(What to work on)
I would like the lines below, from the one with "If Instagram is" through the one with "Hello everyone and", copied exactly and without any pictures.
Content starts
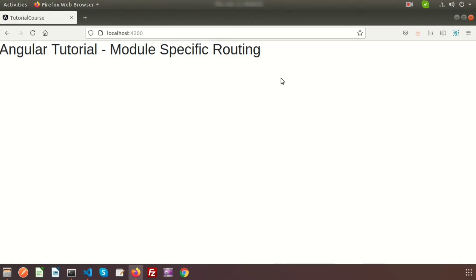Welcome back to the Angular tutorial. In this video we're going to discuss module-specific routing. Last time we discussed the routing concept and how to create links. Today we'll learn about module-specific routing. The routing module is a routing file — when creating a large application with many links, we can use routing modules to organize routing in a modular way.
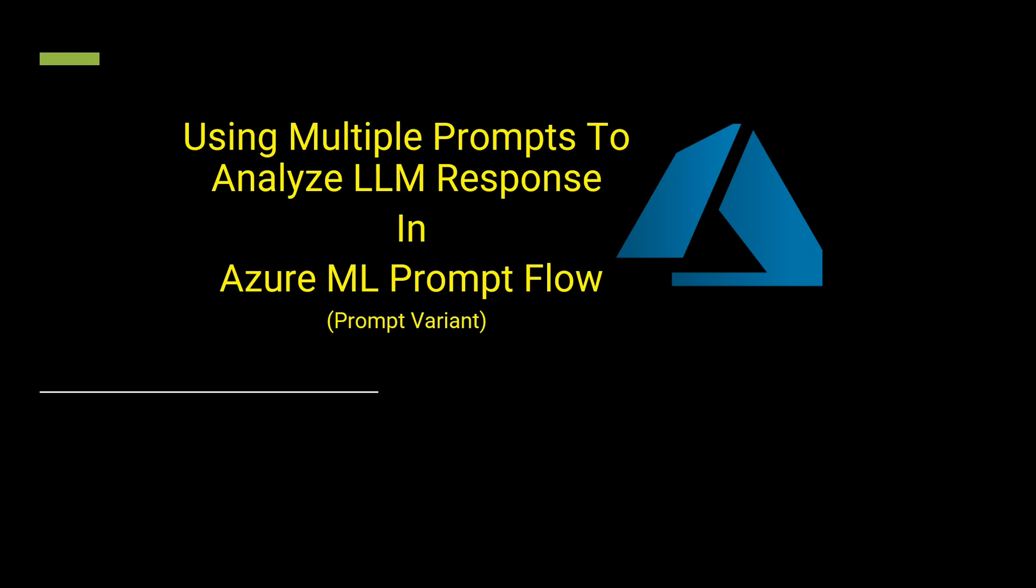Hello everyone, in this video I will explain how you can use multiple prompts to understand the response of your LLM. I will be using Azure OpenAI as my LLM along with Azure ML Prompt Flow, and this video is not going to be from scratch.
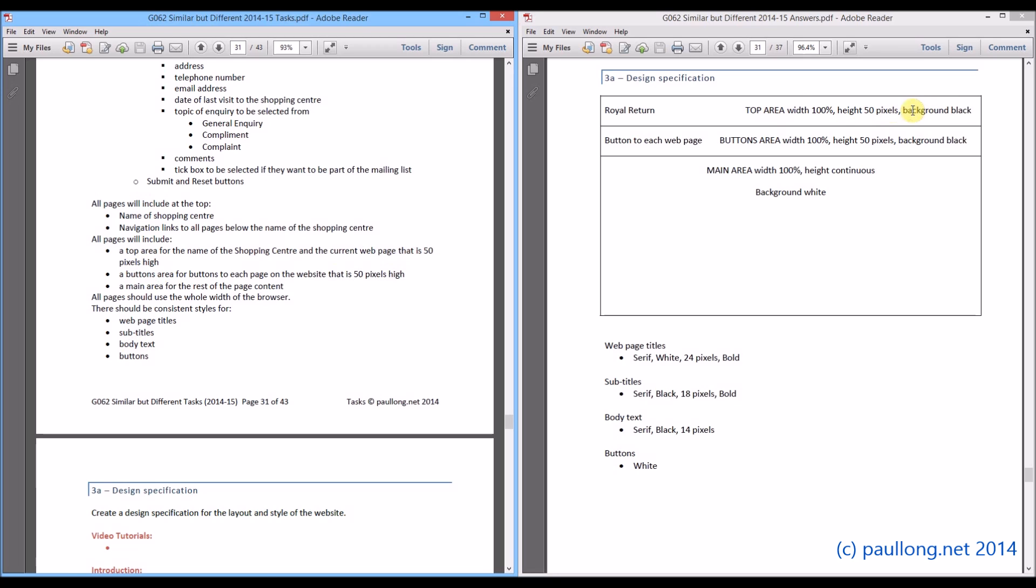And 50 pixels high is specified here. Now it doesn't have to be the whole width. Okay, but I have chosen 100% there because it makes sense.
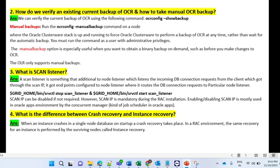The next question: what is gsdctl in RAC? GSDctl stands for Global Service Daemon Control. We can use the gsdctl command to start, stop, and obtain the status of GSD services on any platform. It is a cluster-related command used for managing cluster-related services. Commands include: 'gsdctl start' to start the GSD services, 'gsdctl stop' to stop the services, and 'gsdctl status' to obtain the status of GSD services.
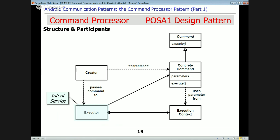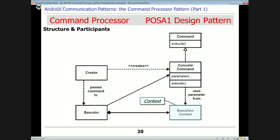Then we have an executor — the thing that actually runs the command. For the intent service, the executor is the intent service itself, which takes the received intent as a command and executes it. The execution context for the intent service is the background thread — the one and only background thread. There's only one request that runs at a time. We're focusing on the intent service as the example of the command processor; if you want the Android Handler framework perspective, go back and watch the previous discussion from the previous POSA MOOC.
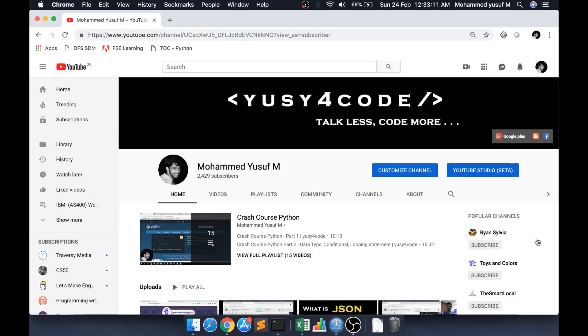Hello friends, Yusuf here. Welcome to another interesting video. In this video, we want to learn two SQL concepts: self-join and union.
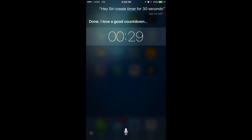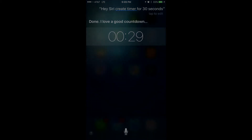Step 2: Tell Siri to set a timer for the specific period of time you need. For example, you could tell Siri to set a timer for 1 hour, 30 minutes, and 30 seconds. The timer displays within Siri's interface and begins running immediately. You can access the timer after closing Siri by tapping Clock and then Timer, where you can see your timer continuing to count down.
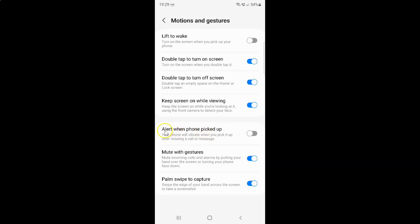To enable alert when phone picked up you have to enable this toggle button next to it. To enable this toggle button you have to tap on it so that this slider moves to the right. Let me tap on it. And you can see guys it's now enabled.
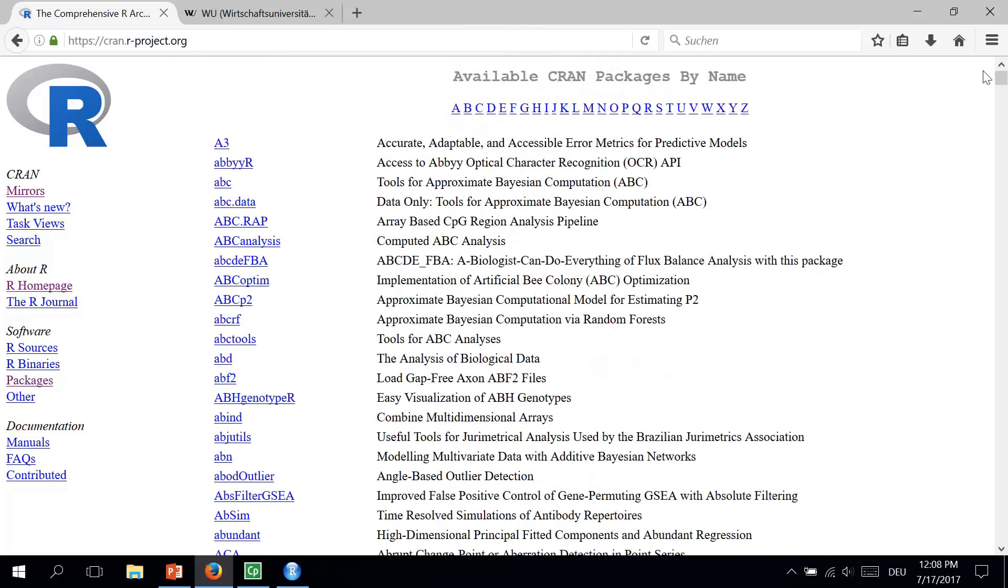Packages in RStudio are a very flexible way to use a wider range of different commands to carry out different analysis. And as you could see, it is very easy to install and uninstall them. Thank you for watching.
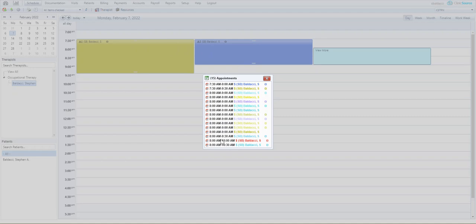Even the longer appointments are a part of this group, the ones that end at 9:30, 10 and 10:30 respectively.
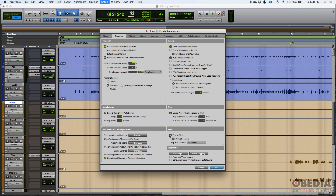In the video area, if you're working with video you want to enable your GPU and prevent tearing. If not working with video, you can turn off the enable GPU function. The last section is diagnostics — related to save logs, advanced video logging, or sending anonymous Pro Tools usage data to Avid. I leave that off, and by default it is off. That's your operation tab of the preferences window!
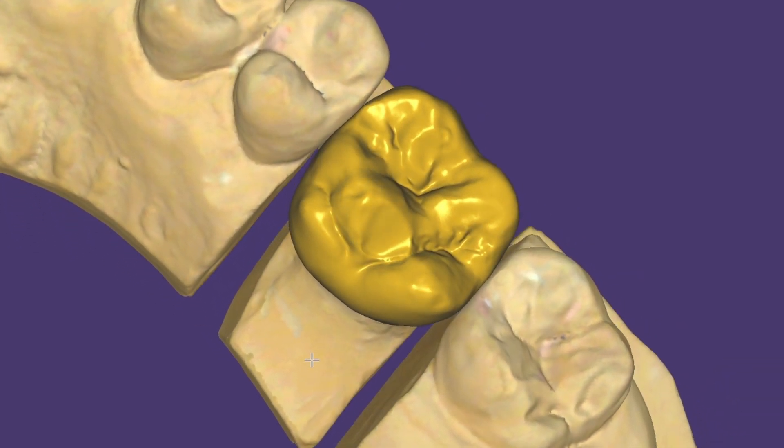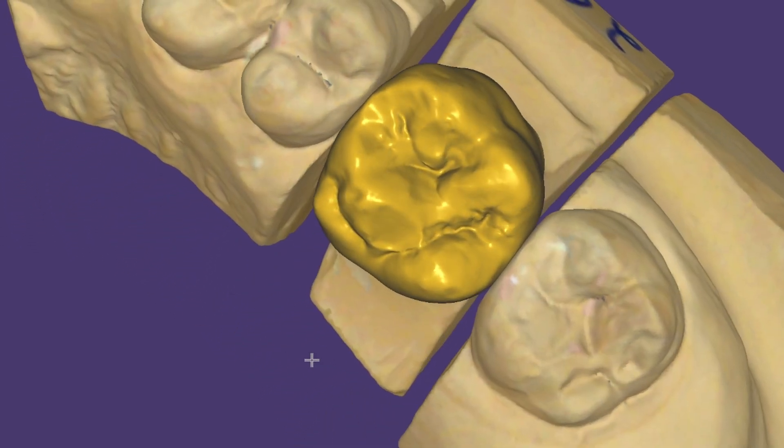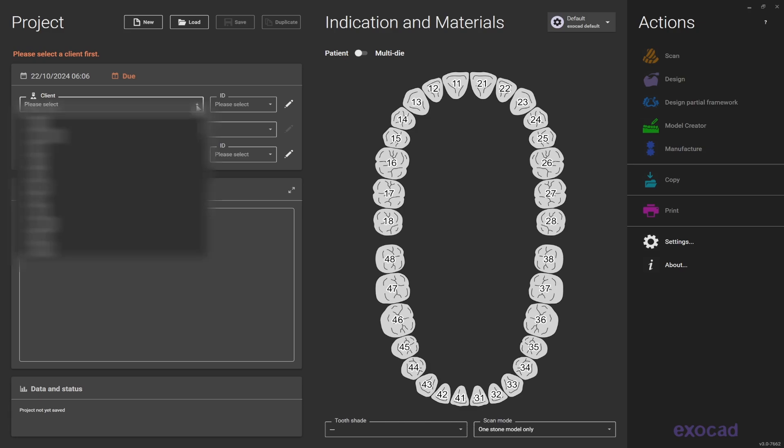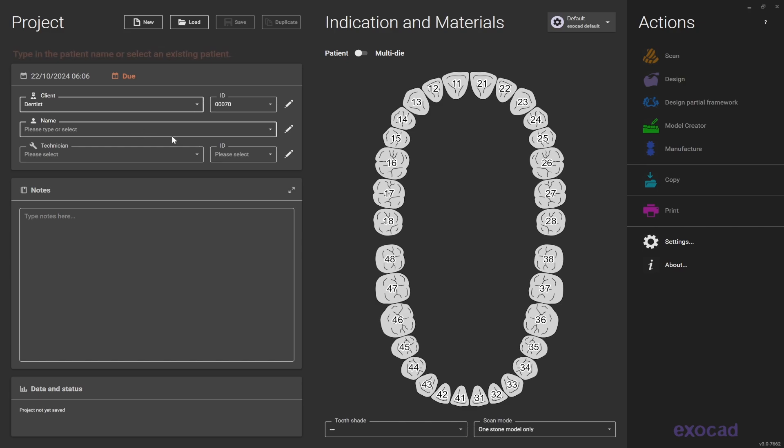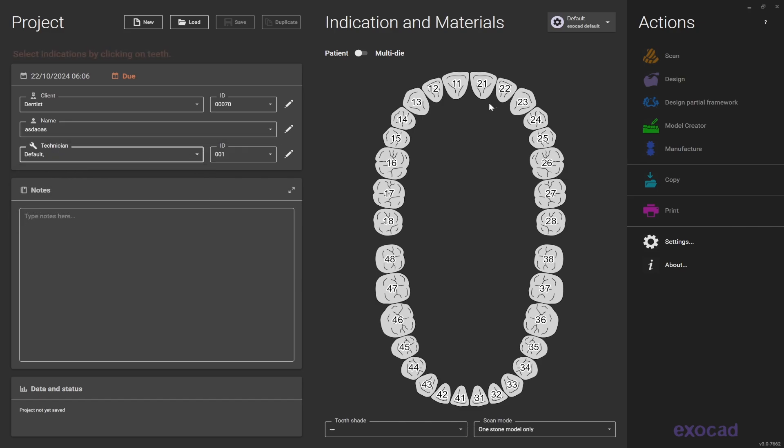Today we are going to learn how to do a single posterior crown on ExoCad. Begin by starting a new project and filling up these fields. Select the name of the dentist, write down the patient's name, and select the technician's name.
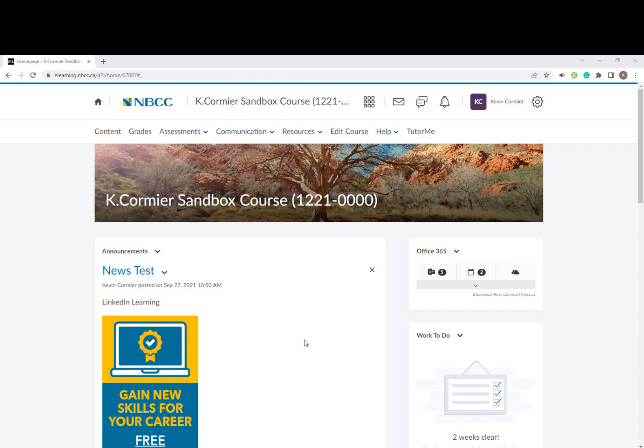Welcome to this video on transferring your Brightspace calculated grades to the final adjusted grade column once your course has been completed at the New Brunswick Community College.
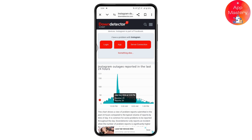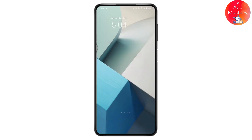If Instagram is not down, you need to uninstall the application. Once uninstalled, reinstall it from your Play Store or App Store and your problem will be fixed. If you have any questions, feel free to comment below. Thanks for watching.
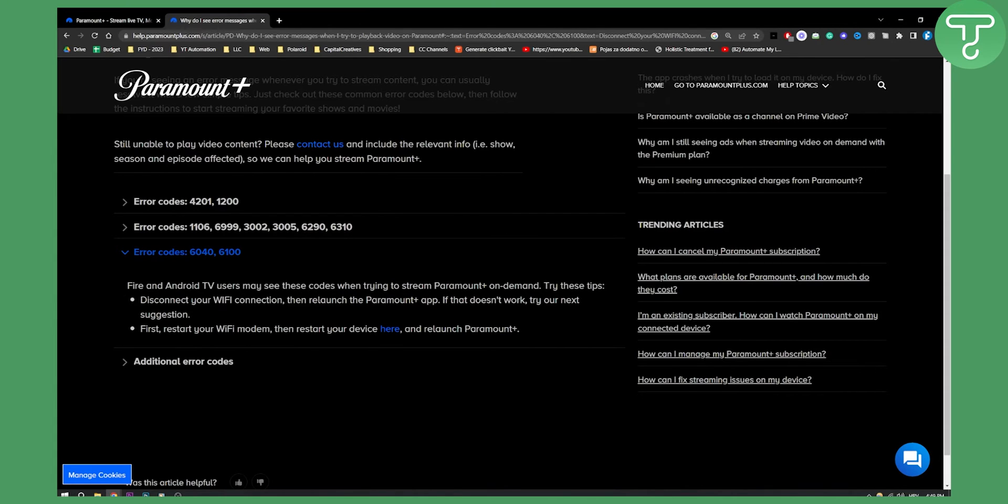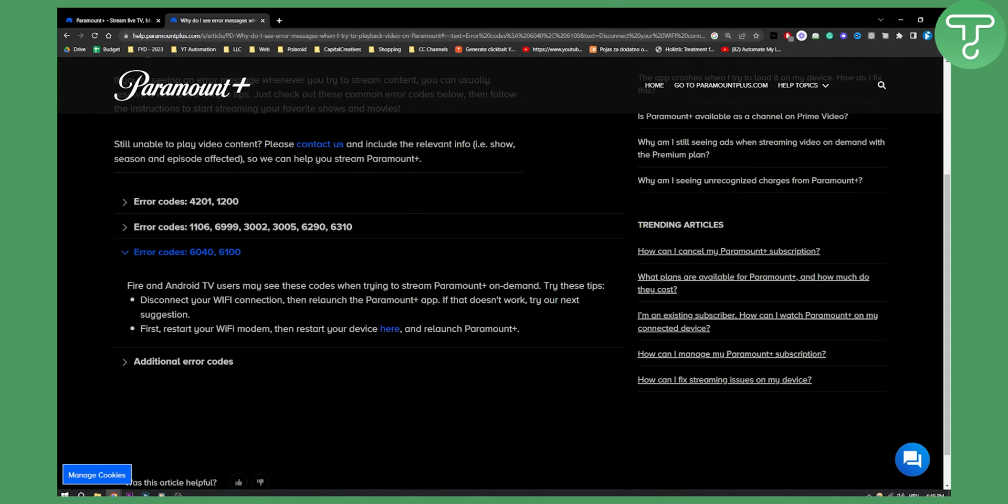And if that does not work still, you will need to go and just try to reinstall your app, Paramount Plus app. And that will basically fix it very, very fast. So these are a couple of things that you can try in order to fix Paramount Plus App Error 6040.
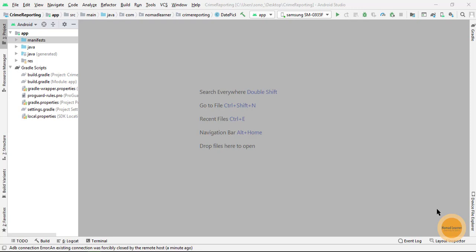Hello everyone and assalamu alaikum. In this video we are going to talk about how we can use the built-in Android Asset Studio which is available in Android Studio. We are going to use that asset studio to create a run asset which we are going to use in the next part in the future.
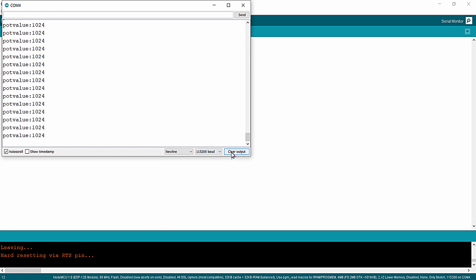Opening the serial monitor, the minimum pot value shown is around 10 to 12 because the potentiometer knob is at the extreme ground end. Rotating the knob toward the other end increases the step value, and at the extreme end the maximum step value of 1023 is received, which is the maximum 10-bit value. Reducing the knob decreases the step value accordingly. In this manner you can interface any analog sensor that gives an analog voltage output to the A0 channel of NodeMCU.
Content ends
(Response to this exercise)
If Instagram is not down, you need to uninstall the application. Once uninstalled, reinstall it from your Play Store or App Store and your problem will be fixed. If you have any questions, feel free to comment below. Thanks for watching.
And if that does not work still, you will need to go and just try to reinstall your app, Paramount Plus app. And that will basically fix it very, very fast. So these are a couple of things that you can try in order to fix Paramount Plus App Error 6040.
Hello everyone and assalamu alaikum. In this video we are going to talk about how we can use the built-in Android Asset Studio which is available in Android Studio. We are going to use that asset studio to create a run asset which we are going to use in the next part in the future.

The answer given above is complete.